Je l’aimais Georges. Avec ses copains Serge, et l’autre Georges, il m’avait rendu fier d’être méditerranéen:

Dans ce bassin où jouent
Des enfants aux yeux noirs,
Il y a trois continents
Et des siècles d´histoire,
Des prophètes des dieux,
Le Messie en personne.
Il y a un bel été
Qui ne craint pas l´automne,
En Méditerranée.

Il m’a aussi fait aimer ma solitude, “Je m’en suis fait presqu’une amie, Une douce habitude“. Mes larmes me paraissaient alors douces comme le miel de sa voix. Combien de fois ai-je pris ma guitare pour chanter avec lui ?

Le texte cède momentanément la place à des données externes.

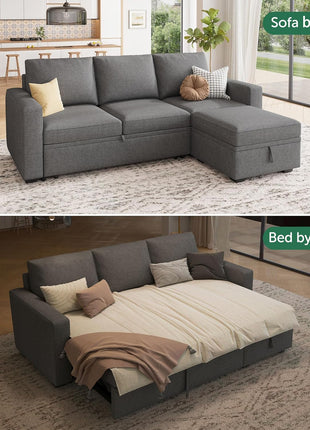 Elegant L-Shaped Modular Sectional Sleeper Sofa with Pull-Out Bed and Integrated Storage in Dark Grey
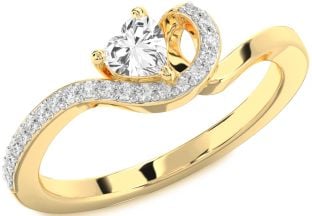 Diamond Amethyst Gold Heart Pave Promise Ring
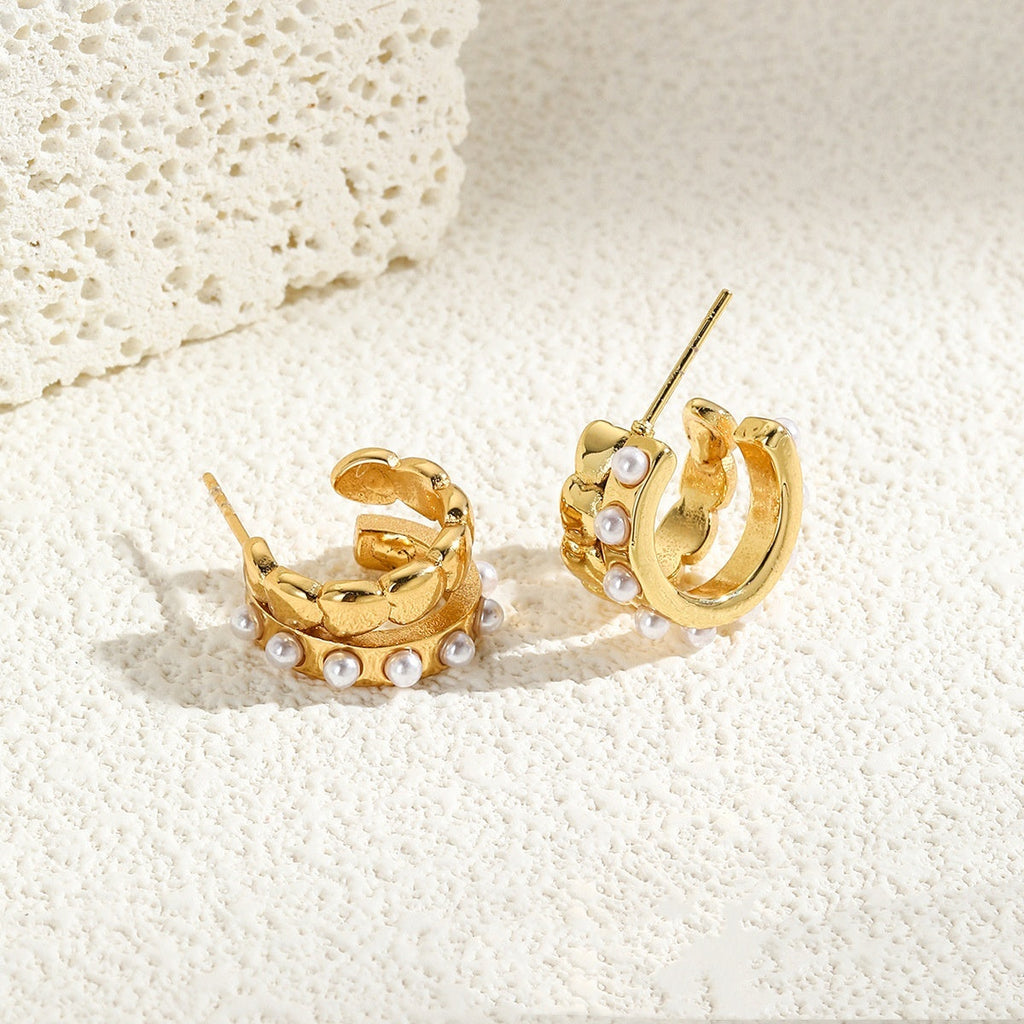 Stainless Steel Double C Love Pearl Earrings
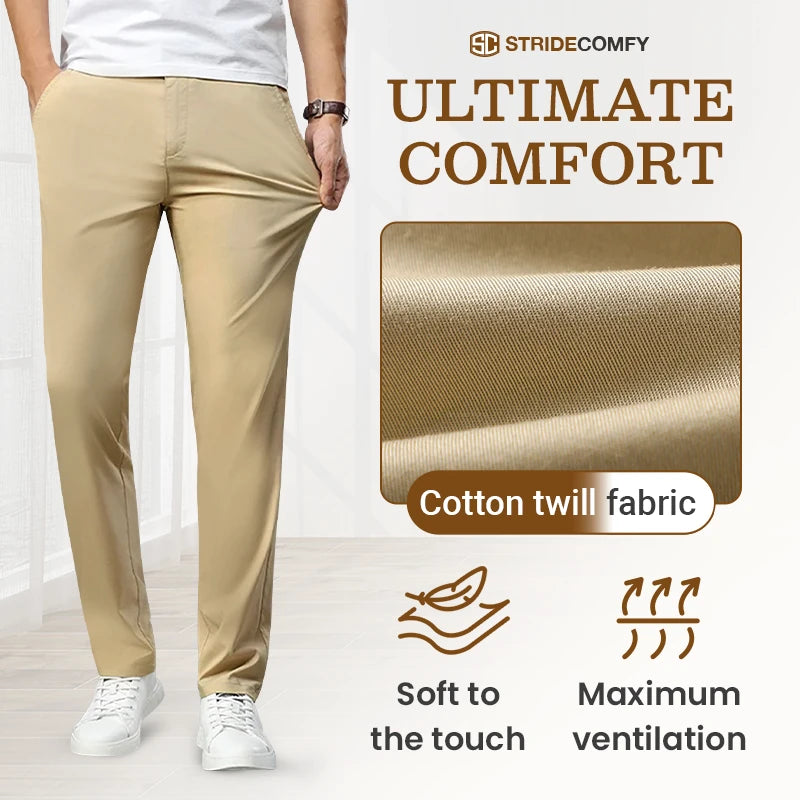 StrideComfy - Men's Stretch Khaki Pants with Elastic Waistband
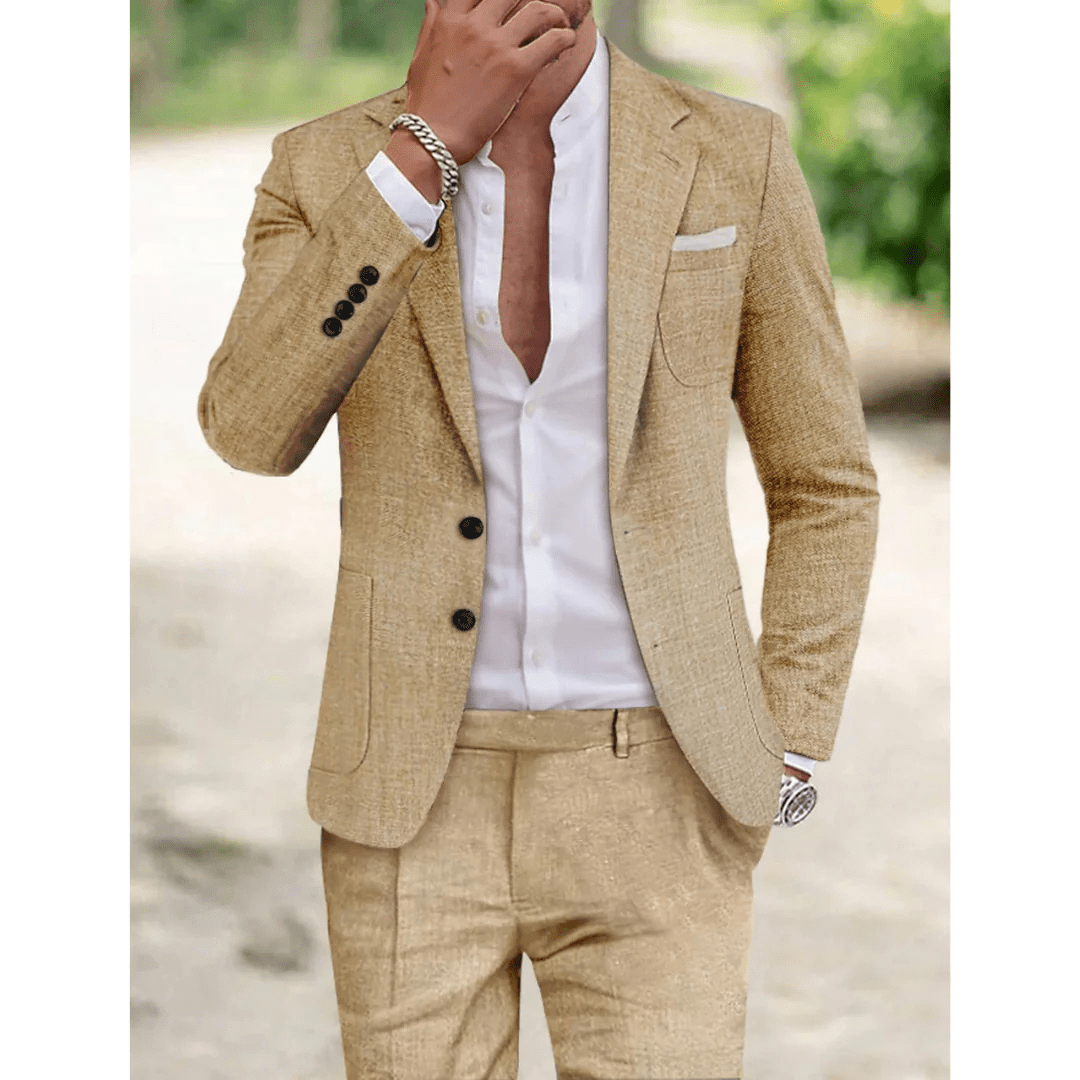 Men Two-Piece Suit Set Notch Lapel Textured Slim Fit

Ce soir, j’ai des larmes dans la voix, je revois mes 18 ans, mon frère, ma vie, mes certitudes, mes doutes, mes espoirs et mes révoltes. Et puis… une mélodie m’envahit. Je la connais bien, les paroles qui l’accompagnent aussi, je les ai fredonné tant de fois. Mais ce soir, j’ai peur de les chanter, j’ai peur de les comprendre. Enfin. J’espère qu’il n’est pas encore trop tard.

Pendant que je dormais, pendant que je rêvais
Les aiguilles ont tourné, il est trop tard
Mon enfance est si loin, il est déjà demain
Passe passe le temps, il n’y en a plus pour très longtemps“.